*** MATERIAL PROVIDED Section Begins ***
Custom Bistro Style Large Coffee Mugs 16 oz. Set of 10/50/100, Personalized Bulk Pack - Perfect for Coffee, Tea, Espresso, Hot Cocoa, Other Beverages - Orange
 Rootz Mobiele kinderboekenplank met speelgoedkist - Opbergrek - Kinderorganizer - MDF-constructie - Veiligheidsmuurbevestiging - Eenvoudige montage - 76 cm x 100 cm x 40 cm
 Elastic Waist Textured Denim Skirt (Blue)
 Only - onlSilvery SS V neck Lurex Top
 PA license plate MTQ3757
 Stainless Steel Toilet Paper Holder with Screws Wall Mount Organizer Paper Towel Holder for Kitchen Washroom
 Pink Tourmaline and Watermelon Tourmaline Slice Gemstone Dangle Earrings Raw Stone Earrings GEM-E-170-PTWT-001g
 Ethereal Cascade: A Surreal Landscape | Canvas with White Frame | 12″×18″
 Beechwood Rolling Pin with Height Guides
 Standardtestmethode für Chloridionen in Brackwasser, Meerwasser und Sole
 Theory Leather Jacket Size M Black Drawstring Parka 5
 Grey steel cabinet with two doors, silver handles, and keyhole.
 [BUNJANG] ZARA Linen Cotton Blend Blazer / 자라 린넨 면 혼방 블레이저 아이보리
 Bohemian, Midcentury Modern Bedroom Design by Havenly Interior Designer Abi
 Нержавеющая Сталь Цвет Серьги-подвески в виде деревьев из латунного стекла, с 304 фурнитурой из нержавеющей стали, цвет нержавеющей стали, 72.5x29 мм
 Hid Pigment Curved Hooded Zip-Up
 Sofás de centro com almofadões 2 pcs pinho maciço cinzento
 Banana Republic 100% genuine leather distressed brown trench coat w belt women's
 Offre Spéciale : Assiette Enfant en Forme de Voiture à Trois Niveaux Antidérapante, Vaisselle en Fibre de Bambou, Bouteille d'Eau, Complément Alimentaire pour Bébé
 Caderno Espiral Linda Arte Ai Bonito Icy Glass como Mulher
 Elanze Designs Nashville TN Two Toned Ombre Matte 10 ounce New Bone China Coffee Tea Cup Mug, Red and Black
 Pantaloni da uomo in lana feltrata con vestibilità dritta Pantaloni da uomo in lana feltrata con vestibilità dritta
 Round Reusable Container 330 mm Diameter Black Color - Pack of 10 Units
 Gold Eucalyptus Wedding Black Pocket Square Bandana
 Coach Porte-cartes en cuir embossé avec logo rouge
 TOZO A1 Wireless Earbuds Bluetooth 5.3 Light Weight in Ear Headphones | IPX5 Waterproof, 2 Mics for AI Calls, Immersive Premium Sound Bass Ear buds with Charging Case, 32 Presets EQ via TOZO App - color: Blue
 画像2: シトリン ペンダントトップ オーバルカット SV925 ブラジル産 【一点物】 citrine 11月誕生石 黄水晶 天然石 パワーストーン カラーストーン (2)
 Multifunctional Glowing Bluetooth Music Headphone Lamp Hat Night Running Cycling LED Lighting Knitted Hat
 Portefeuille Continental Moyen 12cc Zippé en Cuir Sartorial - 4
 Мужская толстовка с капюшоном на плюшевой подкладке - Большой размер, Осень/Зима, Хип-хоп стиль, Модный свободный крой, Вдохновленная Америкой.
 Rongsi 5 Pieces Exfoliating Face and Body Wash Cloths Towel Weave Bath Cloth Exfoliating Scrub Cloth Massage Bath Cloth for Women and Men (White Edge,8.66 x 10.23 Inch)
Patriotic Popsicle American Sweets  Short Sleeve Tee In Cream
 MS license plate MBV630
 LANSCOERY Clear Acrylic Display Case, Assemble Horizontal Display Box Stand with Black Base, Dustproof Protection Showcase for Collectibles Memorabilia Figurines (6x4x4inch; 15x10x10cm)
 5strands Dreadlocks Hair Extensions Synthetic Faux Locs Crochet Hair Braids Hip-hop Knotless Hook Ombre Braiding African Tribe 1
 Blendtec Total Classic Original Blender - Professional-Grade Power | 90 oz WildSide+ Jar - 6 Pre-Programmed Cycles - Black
*** MATERIAL PROVIDED Section Ends ***
◆ **GOAL OF THE EXERCISE**
Give back, unchanged, the line containing "5strands Dreadlocks Hair" and each line that comes after it in the entries above, ending with the last.

◆ **RESPONSE AREA**
 5strands Dreadlocks Hair Extensions Synthetic Faux Locs Crochet Hair Braids Hip-hop Knotless Hook Ombre Braiding African Tribe 1
 Blendtec Total Classic Original Blender - Professional-Grade Power | 90 oz WildSide+ Jar - 6 Pre-Programmed Cycles - Black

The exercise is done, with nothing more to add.